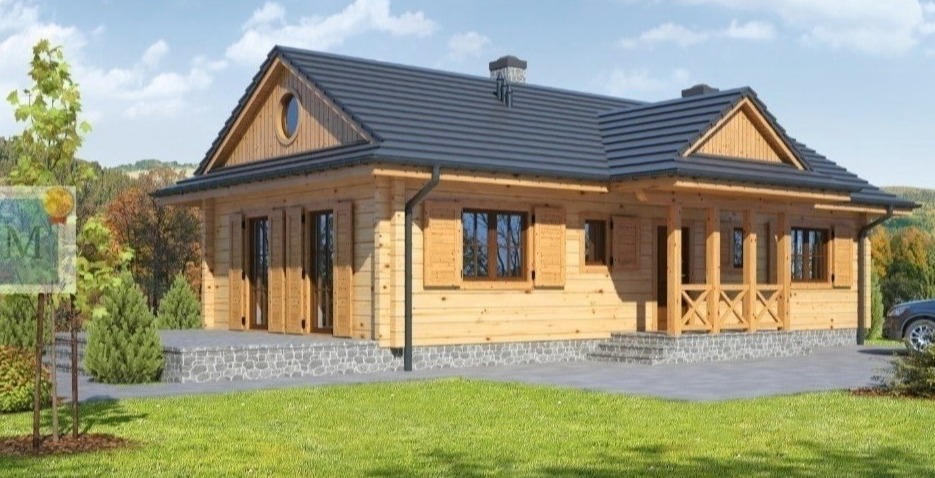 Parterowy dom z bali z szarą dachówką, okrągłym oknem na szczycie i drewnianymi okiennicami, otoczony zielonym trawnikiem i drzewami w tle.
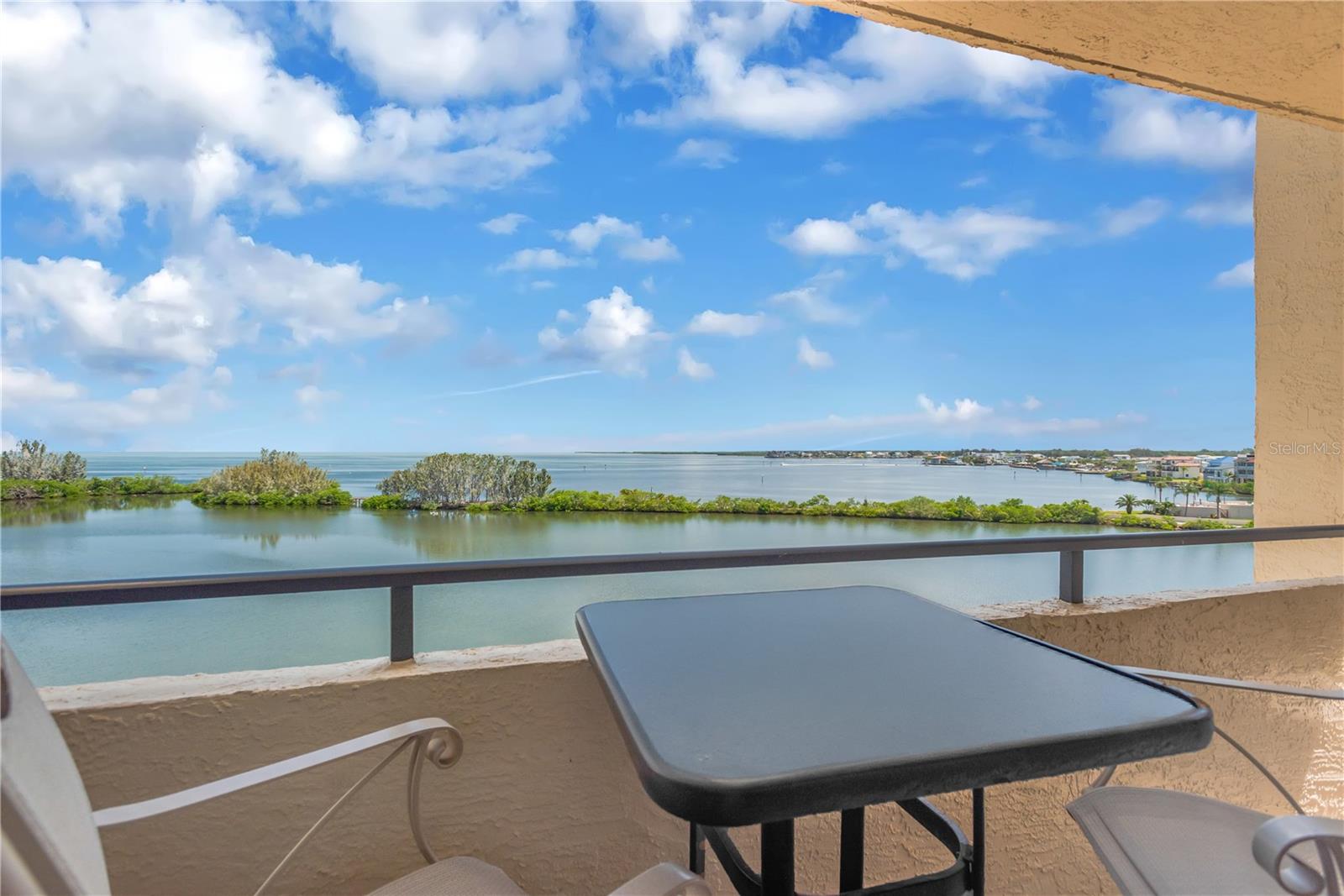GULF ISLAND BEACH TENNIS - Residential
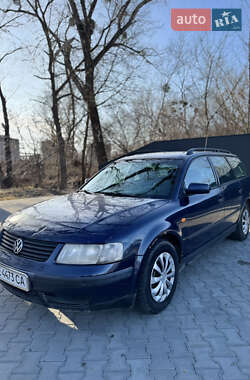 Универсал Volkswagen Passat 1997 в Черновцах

☆ ☆ ☆ ☆ ☆

_Task description_. Would you restate the listing word for word and leave every picture out?

_Answer space_.
 Parterowy dom z bali z szarą dachówką, okrągłym oknem na szczycie i drewnianymi okiennicami, otoczony zielonym trawnikiem i drzewami w tle.
GULF ISLAND BEACH TENNIS - Residential
 Универсал Volkswagen Passat 1997 в Черновцах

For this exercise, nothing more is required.